Грин Александр - Ночлег



prose_classic Александр Степанович Грин Ночлег 1909 ru ru Roland ronaton@gmail.com FB Tools 2005-10-29 302CAC36-BBEE-4F2A-BBCE-F5824C50754F 1.0 Александр Степанович Грин
Ночлег
I
Завидуя всем и каждому, Глазунов тоскливо шатался по бульвару, присаживался, нехотя выкуривал папиросу и делал надменное лицо каждый раз, когда гуляющие окидывали глазами его сильно изношенную тужурку.
Воскресная музыка играла румынский марш. Хороводы губернских барышень плыли мимо ярко освещенных киосков, где, кроме лимонада и теплой сельтерской, можно было купить пряников, засиженных мухами, и деревянную улыбку торговки. Отцы, обремененные многочисленными семействами, выставили напоказ запятнанные чесунчевые жилеты; гордо постукивая тросточками, изгибались телеграфисты, пара-другая взъерошенных студентов волочила за собой низеньких черноволосых девиц.
Вечер еще не охватил землю, но его мягкое, дремотное прикосновение трогало лицо Глазунова умирающей теплотой дня и сыростью глубоких аллей. Небо тускнело. Безличная грусть музыки покрывала шарканье ног, смех и говор.
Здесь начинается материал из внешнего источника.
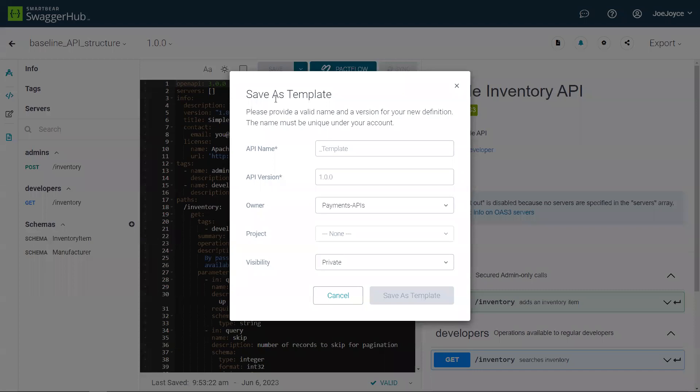And when you're saving as a template, you'll give the API template a name, a version, you'll specify an owner for the API template, the project that it's going to be contained in, and the visibility of the template.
Иногда стройные, полногрудые девушки с косами до пояса и деревенским загаром щек бередили унылую душу Глазунова веянием беззаветной жизни; он долго смотрел им вслед, чему-то и кому-то завидуя; доставал новую папиросу и ожесточенно тянул скверный дым, тупо улавливая сознанием отрывки фраз, шелест юбок и свои собственные, похожие на зубную боль, мысли о будущем.
Так просидел он до наступления темноты, с чувством все возрастающего голода, жалости к своему большому исхудавшему телу и зависти. Жизнь как бы олицетворилась для него в этом гулянье.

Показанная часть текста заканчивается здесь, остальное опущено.